Bayesian Optimization

Overview

Black-box optimization with a probabilistic surrogate (typically a Gaussian process). Balances exploration vs exploitation via acquisition functions while connecting to bandit intuition and RL planning.

Figure 1: Contour plots of UCB (with \(\beta_t=0.75\)), PI, and EI as functions of \(\Delta_t\) and \(\sigma_t\); brighter colors mark larger acquisition values.

As shown in Figure 1, PI, EI, and UCB respectively focus exploitation vs exploration for a 2D Branin-like surface.

Problem setup

Unknown objective \(f:\mathcal{X}\to\mathbb{R}\); observations \(y_t = f(x_t) + \varepsilon_t\), \(\varepsilon_t\sim\mathcal{N}(0,\sigma_n^2)\).
Surrogate: GP posterior \((\mu_t(x),\sigma_t^2(x))\) after \(t\) queries.
Acquisition \(a_t(x)\) selects next query \(x_{t+1}=\arg\max_x a_t(x)\).
Trade-off: exploration (high \(\sigma_t\)) vs exploitation (high \(\mu_t\)).
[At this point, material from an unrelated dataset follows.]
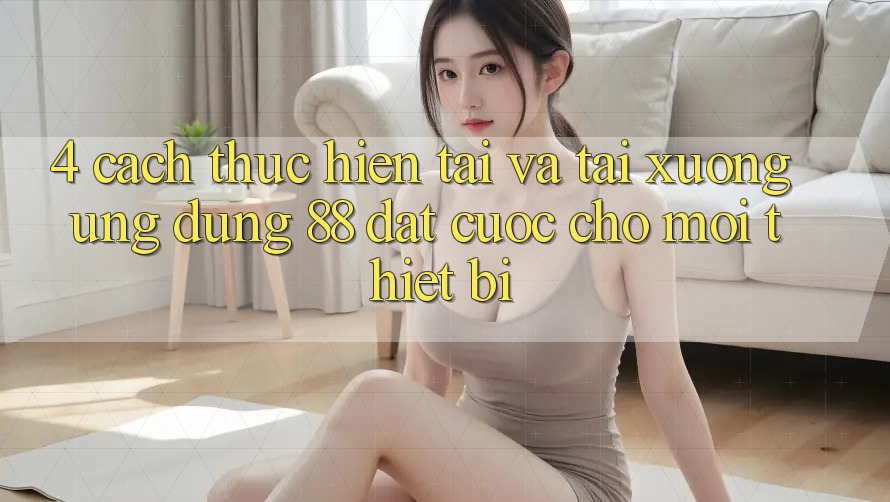 4. Cách thực hiện Tải Và Tải xuống Ứng dụng 88 Đặt cược Cho Mọi Thiết Bị 4. Cách thực hiện Tải Và Tải xuống Ứng dụng 88 Đặt cược Cho Mọi Thiết Bị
Upper Confidence Bound (UCB)

Optimism in face of uncertainty (OFU): \[x_{t+1}=\arg\max_x \mu_t(x)+\beta_{t+1}^{1/2}\,\sigma_t(x).\]
\(\beta_t\) controls confidence width; choose schedule to guarantee \(f(x)\in[\mu_t(x)\pm\beta_t^{1/2}\sigma_t(x)]\) with high prob.
Bayesian setting: \(\beta_t = 2\log\frac{|\mathcal{X}|\pi^2 t^2}{6\delta}\) (finite domain). Frequentist: \(\beta_t= B + 4\sigma_n\sqrt{\gamma_{t-1}+1+\ln(1/\delta)}\) when \(f\) bounded in RKHS (Theorem 9.3).
Regret bound \(\mathcal{O}(\sqrt{T\beta_T\gamma_T})\) where \(\gamma_T\) is information gain of kernel (RBF: \(\gamma_T=\tilde{\mathcal{O}}((\log T)^{d+1})\)).

Figure 2: Upper-confidence bound acquisition scores for \(\beta=0.25\) (left) and \(\beta=1\) (right).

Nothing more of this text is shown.